(Material provided)
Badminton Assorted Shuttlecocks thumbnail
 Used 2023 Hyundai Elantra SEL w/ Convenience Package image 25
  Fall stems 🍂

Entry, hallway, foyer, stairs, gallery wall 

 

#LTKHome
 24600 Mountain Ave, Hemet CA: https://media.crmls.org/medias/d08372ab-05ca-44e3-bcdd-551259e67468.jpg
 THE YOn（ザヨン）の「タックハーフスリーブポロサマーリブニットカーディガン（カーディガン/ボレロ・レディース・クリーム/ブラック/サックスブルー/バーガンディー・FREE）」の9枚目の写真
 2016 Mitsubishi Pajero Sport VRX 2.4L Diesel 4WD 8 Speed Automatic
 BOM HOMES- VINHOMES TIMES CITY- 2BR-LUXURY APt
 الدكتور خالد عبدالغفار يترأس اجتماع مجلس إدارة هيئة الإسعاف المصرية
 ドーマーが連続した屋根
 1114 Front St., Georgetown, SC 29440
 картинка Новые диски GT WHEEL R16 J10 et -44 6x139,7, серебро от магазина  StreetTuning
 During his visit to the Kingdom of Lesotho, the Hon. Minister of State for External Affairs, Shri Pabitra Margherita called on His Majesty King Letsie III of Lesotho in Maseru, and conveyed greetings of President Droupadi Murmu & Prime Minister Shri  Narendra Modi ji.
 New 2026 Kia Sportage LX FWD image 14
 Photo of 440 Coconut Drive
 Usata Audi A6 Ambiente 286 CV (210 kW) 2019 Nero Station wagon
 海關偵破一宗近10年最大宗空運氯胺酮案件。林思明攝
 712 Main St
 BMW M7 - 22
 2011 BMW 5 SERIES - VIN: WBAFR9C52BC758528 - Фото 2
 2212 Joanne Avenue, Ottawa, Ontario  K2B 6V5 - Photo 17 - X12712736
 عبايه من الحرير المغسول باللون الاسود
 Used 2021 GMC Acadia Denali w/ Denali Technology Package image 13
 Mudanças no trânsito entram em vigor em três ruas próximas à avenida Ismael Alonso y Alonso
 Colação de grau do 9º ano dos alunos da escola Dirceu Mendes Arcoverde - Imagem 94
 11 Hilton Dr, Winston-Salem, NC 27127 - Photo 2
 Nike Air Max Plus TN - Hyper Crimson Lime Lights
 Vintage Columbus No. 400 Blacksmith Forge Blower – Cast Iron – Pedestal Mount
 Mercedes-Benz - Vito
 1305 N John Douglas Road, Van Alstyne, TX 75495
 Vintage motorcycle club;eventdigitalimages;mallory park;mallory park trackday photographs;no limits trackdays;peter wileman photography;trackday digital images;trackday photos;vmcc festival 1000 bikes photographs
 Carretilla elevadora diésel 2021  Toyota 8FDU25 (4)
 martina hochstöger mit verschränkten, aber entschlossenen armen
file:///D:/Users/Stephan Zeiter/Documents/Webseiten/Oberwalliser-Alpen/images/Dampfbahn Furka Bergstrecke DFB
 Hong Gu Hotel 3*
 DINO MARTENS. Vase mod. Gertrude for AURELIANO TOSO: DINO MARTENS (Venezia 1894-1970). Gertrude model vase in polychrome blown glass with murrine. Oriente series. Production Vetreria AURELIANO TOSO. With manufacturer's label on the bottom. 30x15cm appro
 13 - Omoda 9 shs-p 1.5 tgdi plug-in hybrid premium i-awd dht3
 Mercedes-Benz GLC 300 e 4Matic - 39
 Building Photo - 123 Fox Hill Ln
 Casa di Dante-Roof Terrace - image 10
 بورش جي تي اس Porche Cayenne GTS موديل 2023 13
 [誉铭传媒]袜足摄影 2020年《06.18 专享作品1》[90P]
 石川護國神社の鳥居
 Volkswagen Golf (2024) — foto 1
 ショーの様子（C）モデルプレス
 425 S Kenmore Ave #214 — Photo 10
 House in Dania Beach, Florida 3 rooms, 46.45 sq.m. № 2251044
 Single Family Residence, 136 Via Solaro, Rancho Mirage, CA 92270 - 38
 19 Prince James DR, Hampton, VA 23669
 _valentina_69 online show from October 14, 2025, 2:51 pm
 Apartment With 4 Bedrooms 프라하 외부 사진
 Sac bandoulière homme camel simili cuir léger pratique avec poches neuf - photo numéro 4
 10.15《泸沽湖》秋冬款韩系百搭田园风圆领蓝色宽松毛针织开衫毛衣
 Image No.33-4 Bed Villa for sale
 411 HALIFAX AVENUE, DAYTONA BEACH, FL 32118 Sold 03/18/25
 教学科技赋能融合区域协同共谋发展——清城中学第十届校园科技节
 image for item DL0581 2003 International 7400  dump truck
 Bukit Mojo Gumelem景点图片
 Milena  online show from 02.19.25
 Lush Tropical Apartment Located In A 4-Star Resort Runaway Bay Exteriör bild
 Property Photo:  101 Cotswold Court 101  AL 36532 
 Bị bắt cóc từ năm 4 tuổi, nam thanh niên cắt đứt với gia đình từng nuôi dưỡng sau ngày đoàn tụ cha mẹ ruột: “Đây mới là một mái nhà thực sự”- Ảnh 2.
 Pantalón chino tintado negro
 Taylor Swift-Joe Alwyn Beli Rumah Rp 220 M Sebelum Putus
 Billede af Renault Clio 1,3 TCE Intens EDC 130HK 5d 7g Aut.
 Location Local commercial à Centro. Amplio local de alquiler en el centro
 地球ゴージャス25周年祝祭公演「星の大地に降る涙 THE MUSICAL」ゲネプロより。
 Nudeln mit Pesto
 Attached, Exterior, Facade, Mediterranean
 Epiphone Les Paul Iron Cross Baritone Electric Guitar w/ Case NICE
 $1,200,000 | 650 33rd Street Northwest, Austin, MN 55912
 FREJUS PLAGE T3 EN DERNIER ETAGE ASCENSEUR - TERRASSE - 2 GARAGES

(What is needed)
Write out all the entries once more, exactly.

(Reply to the exercise)
Badminton Assorted Shuttlecocks thumbnail
 Used 2023 Hyundai Elantra SEL w/ Convenience Package image 25
  Fall stems 🍂

Entry, hallway, foyer, stairs, gallery wall 

 

#LTKHome
 24600 Mountain Ave, Hemet CA: https://media.crmls.org/medias/d08372ab-05ca-44e3-bcdd-551259e67468.jpg
 THE YOn（ザヨン）の「タックハーフスリーブポロサマーリブニットカーディガン（カーディガン/ボレロ・レディース・クリーム/ブラック/サックスブルー/バーガンディー・FREE）」の9枚目の写真
 2016 Mitsubishi Pajero Sport VRX 2.4L Diesel 4WD 8 Speed Automatic
 BOM HOMES- VINHOMES TIMES CITY- 2BR-LUXURY APt
 الدكتور خالد عبدالغفار يترأس اجتماع مجلس إدارة هيئة الإسعاف المصرية
 ドーマーが連続した屋根
 1114 Front St., Georgetown, SC 29440
 картинка Новые диски GT WHEEL R16 J10 et -44 6x139,7, серебро от магазина  StreetTuning
 During his visit to the Kingdom of Lesotho, the Hon. Minister of State for External Affairs, Shri Pabitra Margherita called on His Majesty King Letsie III of Lesotho in Maseru, and conveyed greetings of President Droupadi Murmu & Prime Minister Shri  Narendra Modi ji.
 New 2026 Kia Sportage LX FWD image 14
 Photo of 440 Coconut Drive
 Usata Audi A6 Ambiente 286 CV (210 kW) 2019 Nero Station wagon
 海關偵破一宗近10年最大宗空運氯胺酮案件。林思明攝
 712 Main St
 BMW M7 - 22
 2011 BMW 5 SERIES - VIN: WBAFR9C52BC758528 - Фото 2
 2212 Joanne Avenue, Ottawa, Ontario  K2B 6V5 - Photo 17 - X12712736
 عبايه من الحرير المغسول باللون الاسود
 Used 2021 GMC Acadia Denali w/ Denali Technology Package image 13
 Mudanças no trânsito entram em vigor em três ruas próximas à avenida Ismael Alonso y Alonso
 Colação de grau do 9º ano dos alunos da escola Dirceu Mendes Arcoverde - Imagem 94
 11 Hilton Dr, Winston-Salem, NC 27127 - Photo 2
 Nike Air Max Plus TN - Hyper Crimson Lime Lights
 Vintage Columbus No. 400 Blacksmith Forge Blower – Cast Iron – Pedestal Mount
 Mercedes-Benz - Vito
 1305 N John Douglas Road, Van Alstyne, TX 75495
 Vintage motorcycle club;eventdigitalimages;mallory park;mallory park trackday photographs;no limits trackdays;peter wileman photography;trackday digital images;trackday photos;vmcc festival 1000 bikes photographs
 Carretilla elevadora diésel 2021  Toyota 8FDU25 (4)
 martina hochstöger mit verschränkten, aber entschlossenen armen
file:///D:/Users/Stephan Zeiter/Documents/Webseiten/Oberwalliser-Alpen/images/Dampfbahn Furka Bergstrecke DFB
 Hong Gu Hotel 3*
 DINO MARTENS. Vase mod. Gertrude for AURELIANO TOSO: DINO MARTENS (Venezia 1894-1970). Gertrude model vase in polychrome blown glass with murrine. Oriente series. Production Vetreria AURELIANO TOSO. With manufacturer's label on the bottom. 30x15cm appro
 13 - Omoda 9 shs-p 1.5 tgdi plug-in hybrid premium i-awd dht3
 Mercedes-Benz GLC 300 e 4Matic - 39
 Building Photo - 123 Fox Hill Ln
 Casa di Dante-Roof Terrace - image 10
 بورش جي تي اس Porche Cayenne GTS موديل 2023 13
 [誉铭传媒]袜足摄影 2020年《06.18 专享作品1》[90P]
 石川護國神社の鳥居
 Volkswagen Golf (2024) — foto 1
 ショーの様子（C）モデルプレス
 425 S Kenmore Ave #214 — Photo 10
 House in Dania Beach, Florida 3 rooms, 46.45 sq.m. № 2251044
 Single Family Residence, 136 Via Solaro, Rancho Mirage, CA 92270 - 38
 19 Prince James DR, Hampton, VA 23669
 _valentina_69 online show from October 14, 2025, 2:51 pm
 Apartment With 4 Bedrooms 프라하 외부 사진
 Sac bandoulière homme camel simili cuir léger pratique avec poches neuf - photo numéro 4
 10.15《泸沽湖》秋冬款韩系百搭田园风圆领蓝色宽松毛针织开衫毛衣
 Image No.33-4 Bed Villa for sale
 411 HALIFAX AVENUE, DAYTONA BEACH, FL 32118 Sold 03/18/25
 教学科技赋能融合区域协同共谋发展——清城中学第十届校园科技节
 image for item DL0581 2003 International 7400  dump truck
 Bukit Mojo Gumelem景点图片
 Milena  online show from 02.19.25
 Lush Tropical Apartment Located In A 4-Star Resort Runaway Bay Exteriör bild
 Property Photo:  101 Cotswold Court 101  AL 36532 
 Bị bắt cóc từ năm 4 tuổi, nam thanh niên cắt đứt với gia đình từng nuôi dưỡng sau ngày đoàn tụ cha mẹ ruột: “Đây mới là một mái nhà thực sự”- Ảnh 2.
 Pantalón chino tintado negro
 Taylor Swift-Joe Alwyn Beli Rumah Rp 220 M Sebelum Putus
 Billede af Renault Clio 1,3 TCE Intens EDC 130HK 5d 7g Aut.
 Location Local commercial à Centro. Amplio local de alquiler en el centro
 地球ゴージャス25周年祝祭公演「星の大地に降る涙 THE MUSICAL」ゲネプロより。
 Nudeln mit Pesto
 Attached, Exterior, Facade, Mediterranean
 Epiphone Les Paul Iron Cross Baritone Electric Guitar w/ Case NICE
 $1,200,000 | 650 33rd Street Northwest, Austin, MN 55912
 FREJUS PLAGE T3 EN DERNIER ETAGE ASCENSEUR - TERRASSE - 2 GARAGES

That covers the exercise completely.